*** INFORMATION SUPPLIED Section Begins ***

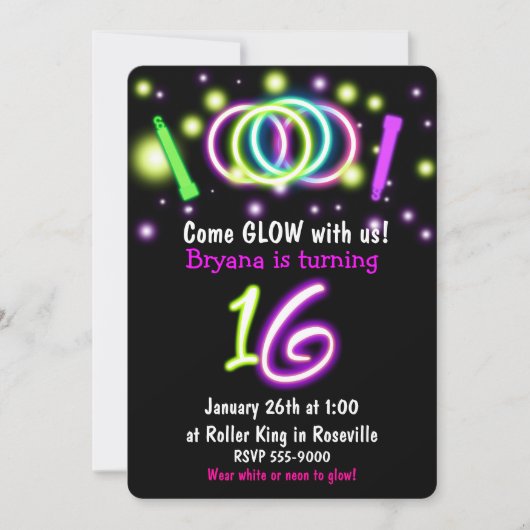 GLOW ライト 16歳の誕生日パーティー 16歳の招待状 招待状 (正面)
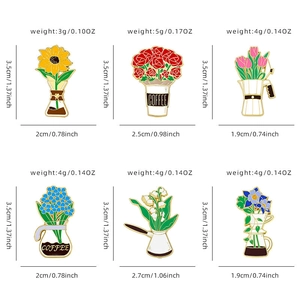 Collection of floral coffee cup enamel pins featuring roses and sunflowers with dimensions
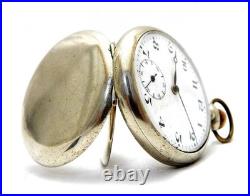 Pocket Watch ORTA Open Face Dial Porcelain Circa 1910 Case Steel 50mm Working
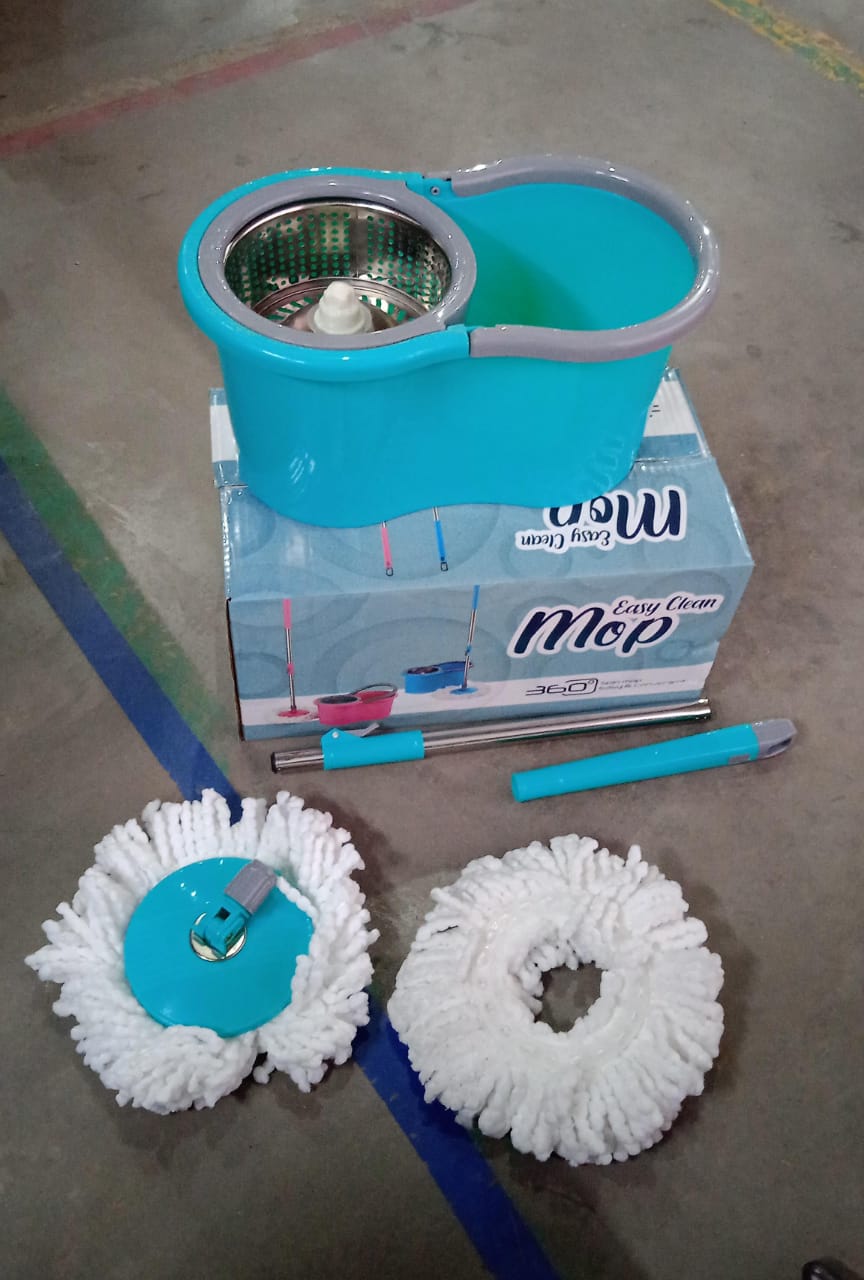 Easy Cleaning Mop with Bucket, for Floor Cleaning, 360° Spin Floor Cleaning (1 Set / Mix Color)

*** INFORMATION SUPPLIED Section Ends ***

- EXERCISE OBJECTIVE: The data above needs to be retyped exactly, with the images left out.

- ANSWER SPACE:
 GLOW ライト 16歳の誕生日パーティー 16歳の招待状 招待状 (正面)
 Collection of floral coffee cup enamel pins featuring roses and sunflowers with dimensions
 Pocket Watch ORTA Open Face Dial Porcelain Circa 1910 Case Steel 50mm Working
 Easy Cleaning Mop with Bucket, for Floor Cleaning, 360° Spin Floor Cleaning (1 Set / Mix Color)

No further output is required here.